By ordering dozens of long-distance Airbus and Boeing aircrafts, Iran is positioning itself as a potential long-term transit point between East and West, analysts say.
Iran’s signing last week of an deal for 109 Boeing Co. jetliners five months after agreeing to buy 118 from Airbus Group SE underscores the scale of the country’s ambitions to become a regional transport hub.
The purchase of almost 230 planes would create a fleet three-quarters the size of that at British Airways and larger than the current lineup at Abu Dhabi-based Etihad Airways, one of three Persian Gulf carriers that transformed air travel in the years Iran was stymied by trade sanctions linked to its nuclear program.
“Certainly this is our historical position: we have always been a center for communications in the region,” Iranian Transport Minister Abbas Akhoudi said in an interview.
Iran Air agreed in January to buy 118 jets worth $27 billion at list prices from Airbus.
Further, American company Boeing signed an agreement last week to sell jetliners (80 aircrafts valued at $17.6 billion) to Iran Air.
“There’s no doubt that they (Iranians) want to emulate carriers like Emirates and Etihad,” John Strickland, an airline analyst at JLS Consulting in London told to travel news portal Skift.
“People poured scorn on the ability of the Gulf carriers to fill their aircraft but they’ve done so. And Iran has had a bigger air market over the years that’s been put in a straitjacket by the international sanctions.”
Though Iran has long said the lifting of sanctions would spur significant plane orders to serve its 80 million population plus a diaspora of 5 million overseas, a possible fleet of 120 wide-bodies — more than currently operated by long-haul specialists such as Singapore Airlines Ltd. — smacks of wider objectives.
That could include building Tehran into a hub where people change planes on intercontinental journeys, emulating the model established by Emirates of Dubai and followed by Qatar Airways, Etihad and, further west, Turkish Airlines.
The Iranian capital shares similar geographical advantages, located at a crossroads between Europe, Asia, Africa and the Middle East, with most of the Americas also within range.
“Iran is certainly coming from behind,” Strickland said. “But it has the advantage of a large population that will support point-to-point traffic that the Persian Gulf carriers don’t have because of their small home catchments.”
“We used to be a very important airline in the region and globally, so of course we want to play our role fully once again,” Iran Air Chairman Farhad Parvaresh told Reuters in February.
Persian Gulf carriers dominate long-haul travel thanks to smart, efficient hubs and a strategic position that places two thirds of the world’s population within an optimal 4-8 hours’ flying time from Dubai, home to regional heavyweight Emirates.
The only serious regional competitor to Persian Gulf carriers for now is Turkish Airlines.
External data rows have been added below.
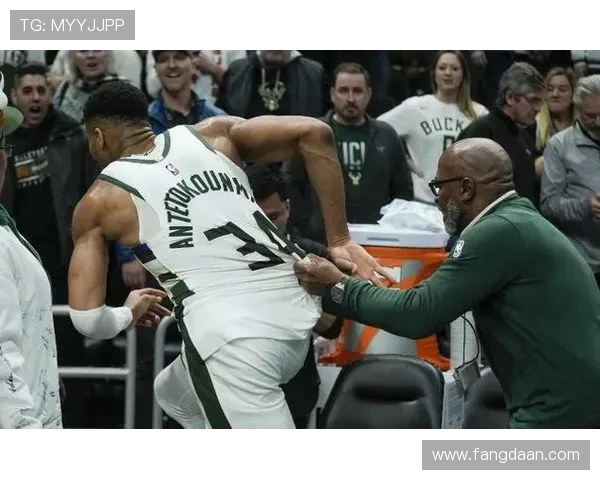 字母哥愤怒撕毁球衣雄鹿惨败后更衣室内冲突升级引发关注 字母哥愤怒撕毁球衣雄鹿惨败后更衣室内冲突升级引发关注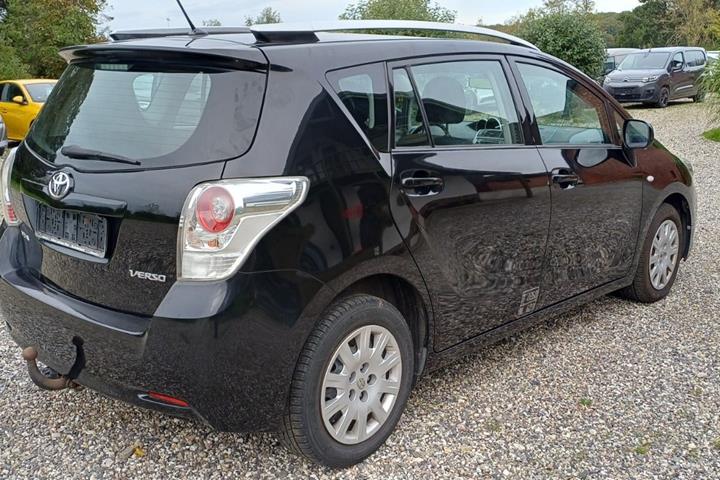 undefined Toyota Sportsvan fra 2011
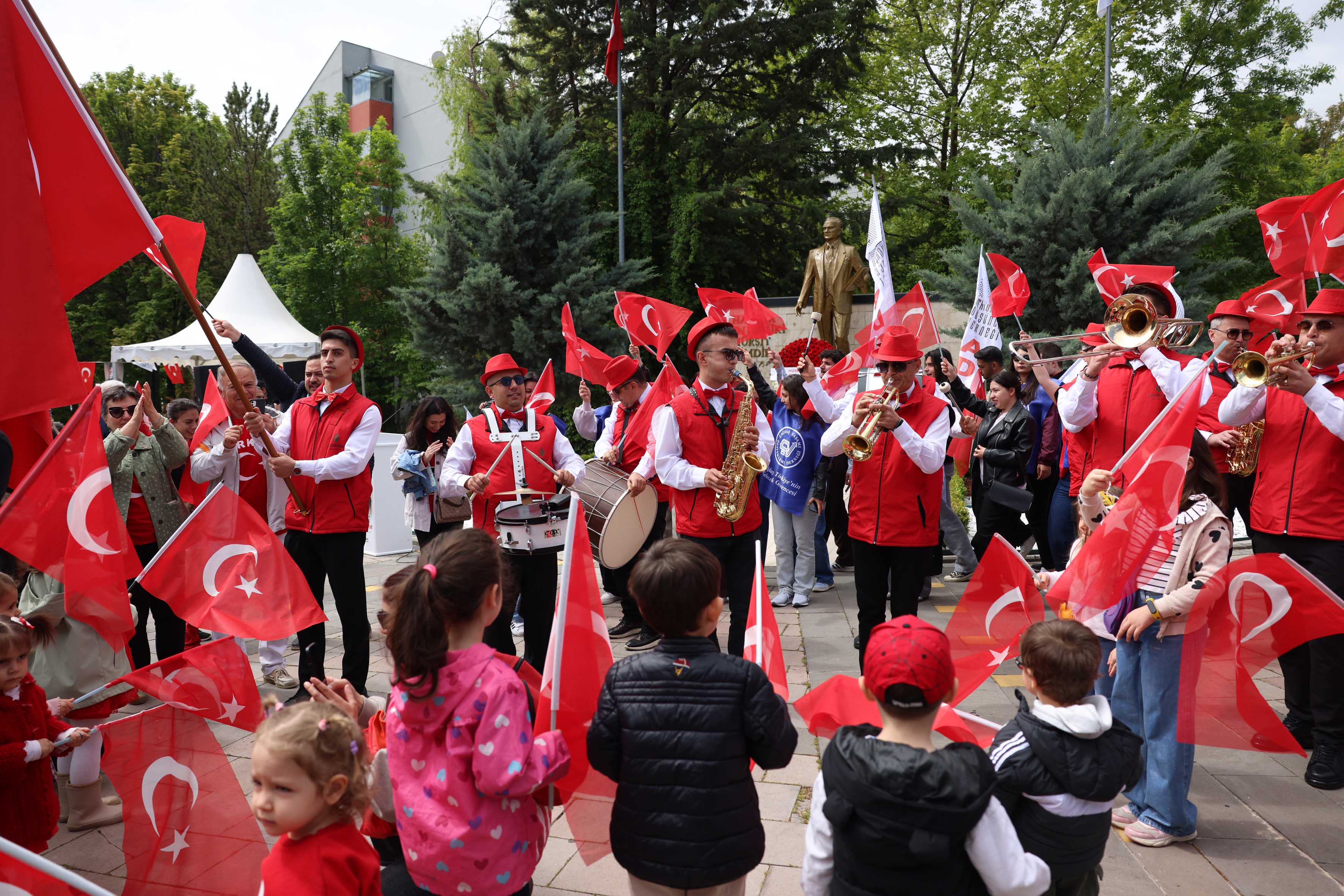 Çankaya’da 19 Mayıs coşkusu Atapark’ta başladı Başkan Hüseyin Can Güner: “Bu mücadele bitmedi”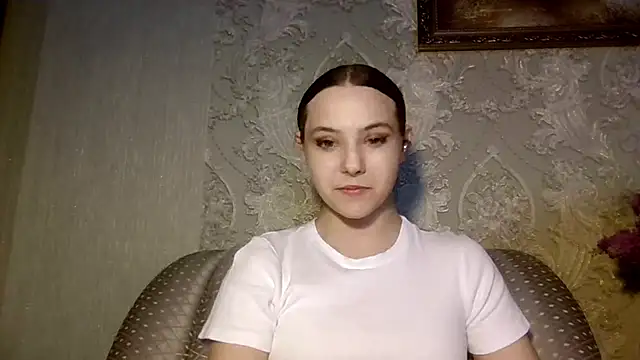 Snapshot of YuniNeko chatting on 04-30-26, 03:08 YuniNeko online show from 04-30-26, 03:08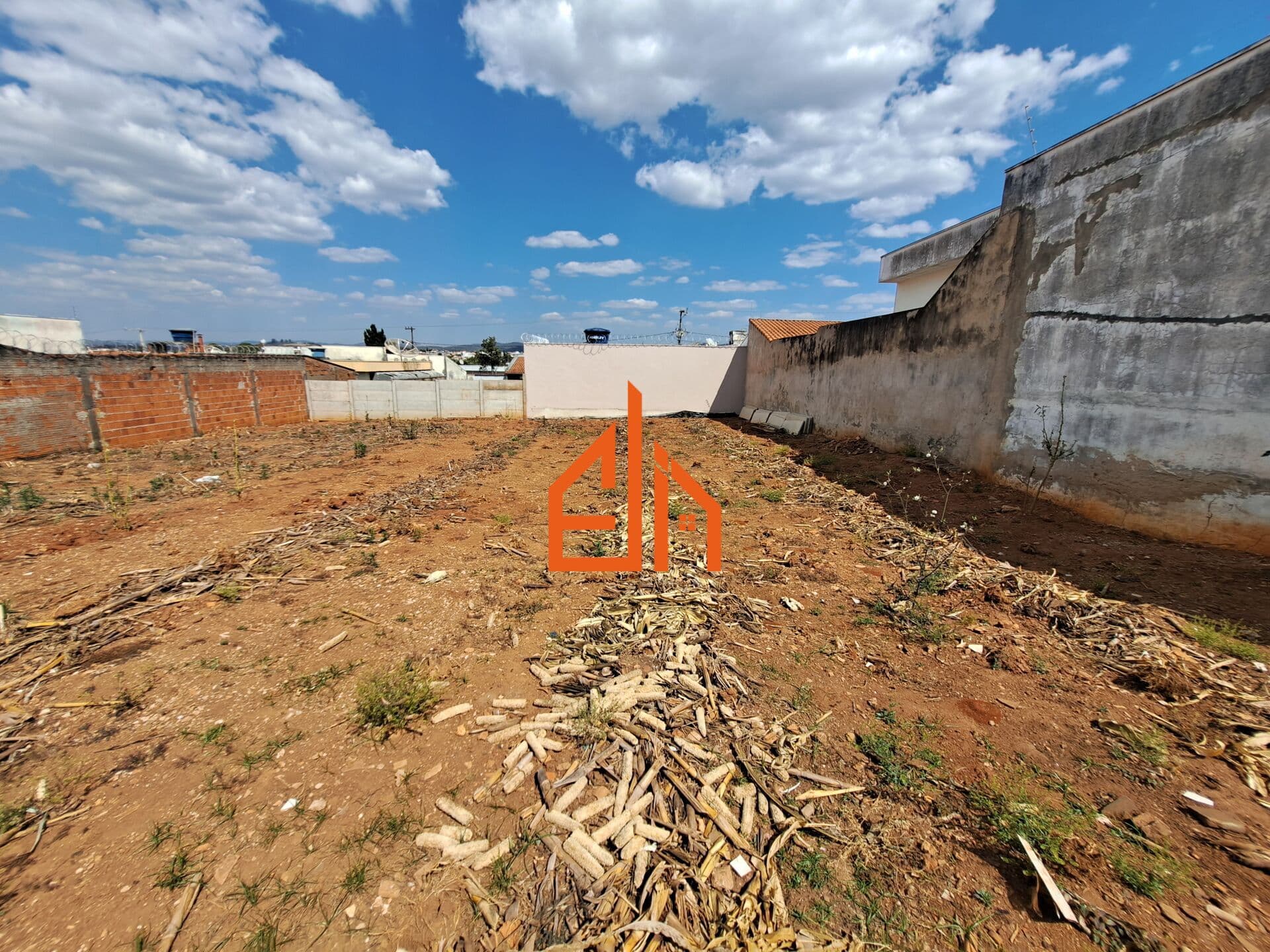 Lote/Terreno em Passos - Jardim Itália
But the variety of short- and long-haul jets acquired by Iran suggests it wants a share of the spoils in the future.
“(Iran Air’s) obvious intention is to become part of the network operation that the Persian Gulf carriers have operated so effectively,” said Peter Harbison, chairman of airline thinktank CAPA, which held an aviation meeting in Tehran last month.
“Iran is very well geographically positioned … We are obviously looking a few years out to get to that stage, but it is really where they need to be in 10 years time.”
The International Air Transport Association (IATA), a trade association, has predicted Iran’s market will more than treble from 12 million passengers a year now, mostly domestic flyers, to 44 million by 2034.
“While the airlines here (in Iran) are rebuilding their capacity, the regional carriers … are looking to suck traffic out over the Persian Gulf airports,” Dick Forsberg, strategy chief at aircraft lessor Avolon, said during the CAPA Iran Aviation Summit.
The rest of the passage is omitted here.